Daripada kita hanya meniru chatbot Barat, pemerintah harus mendorong badan usaha milik negara (BUMN) strategis di sektor energi, pangan, dan transportasi untuk menjadi lokomotif adopsi AI terapan. Utilitas negara harus bertransformasi menjadi inkubator, menantang talenta lokal untuk menciptakan solusi spesifik bagi masalah yang kini dihadapi bangsa kita.

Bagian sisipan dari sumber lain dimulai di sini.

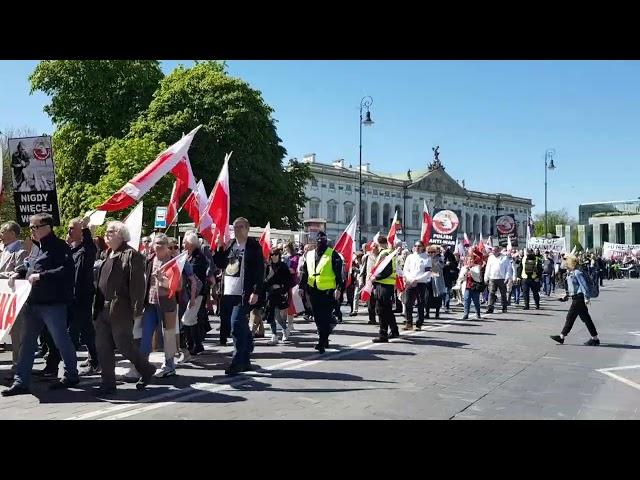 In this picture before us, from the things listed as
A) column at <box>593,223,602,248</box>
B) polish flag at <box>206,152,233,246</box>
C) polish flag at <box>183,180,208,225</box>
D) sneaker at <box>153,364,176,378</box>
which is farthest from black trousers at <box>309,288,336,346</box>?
column at <box>593,223,602,248</box>

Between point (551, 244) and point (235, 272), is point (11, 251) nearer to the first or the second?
point (235, 272)

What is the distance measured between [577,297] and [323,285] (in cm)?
485

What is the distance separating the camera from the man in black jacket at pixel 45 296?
7.70 meters

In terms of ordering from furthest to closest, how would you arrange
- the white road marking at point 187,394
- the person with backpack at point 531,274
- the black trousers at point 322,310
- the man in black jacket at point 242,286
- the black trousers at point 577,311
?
Answer: 1. the person with backpack at point 531,274
2. the black trousers at point 577,311
3. the black trousers at point 322,310
4. the man in black jacket at point 242,286
5. the white road marking at point 187,394

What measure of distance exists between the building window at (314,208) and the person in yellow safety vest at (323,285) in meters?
82.0

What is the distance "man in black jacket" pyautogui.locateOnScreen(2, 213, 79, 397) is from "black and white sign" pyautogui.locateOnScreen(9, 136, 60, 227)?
4.77 m

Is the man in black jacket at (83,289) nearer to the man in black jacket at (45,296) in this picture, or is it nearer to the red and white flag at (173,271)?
the red and white flag at (173,271)

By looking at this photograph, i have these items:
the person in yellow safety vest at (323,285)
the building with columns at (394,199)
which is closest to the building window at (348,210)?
the building with columns at (394,199)

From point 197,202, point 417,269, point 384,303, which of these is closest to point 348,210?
point 417,269

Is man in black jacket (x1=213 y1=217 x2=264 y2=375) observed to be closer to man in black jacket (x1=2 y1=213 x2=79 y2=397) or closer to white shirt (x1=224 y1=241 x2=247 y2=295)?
white shirt (x1=224 y1=241 x2=247 y2=295)

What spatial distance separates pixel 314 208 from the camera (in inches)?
3713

Selain itu, kedaulatan atas data pendidikan dan kesehatan adalah harga mati. Platform mandiri harus dibangun, di mana AI digunakan untuk mendidik, sesuai dengan nilai-nilai luhur nasional. Pendidikan vokasi memerlukan reformasi agar lulusan siap bekerja berdampingan dengan mesin cerdas, bukan digantikan oleh benda yang tidak memiliki jiwa itu.

Pada akhirnya, revolusi AI bukan tentang memiliki robot yang paling pandai bicara, melainkan memanfaatkan teknologi untuk secara konkret meningkatkan kesejahteraan bersama. Kini, pilihannya tegas: apakah bangsa ini akan terpesona oleh "otak dalam toples" milik orang lain, atau akan membangun "sistem saraf digital" sendiri untuk menggerakkan ekonomi?

Tindakan nyata harus diambil sekarang, menerjemahkan teknologi menjadi solusi di sawah dan pabrik, sebelum kendali atas masa depan kita hilang tak berbekas.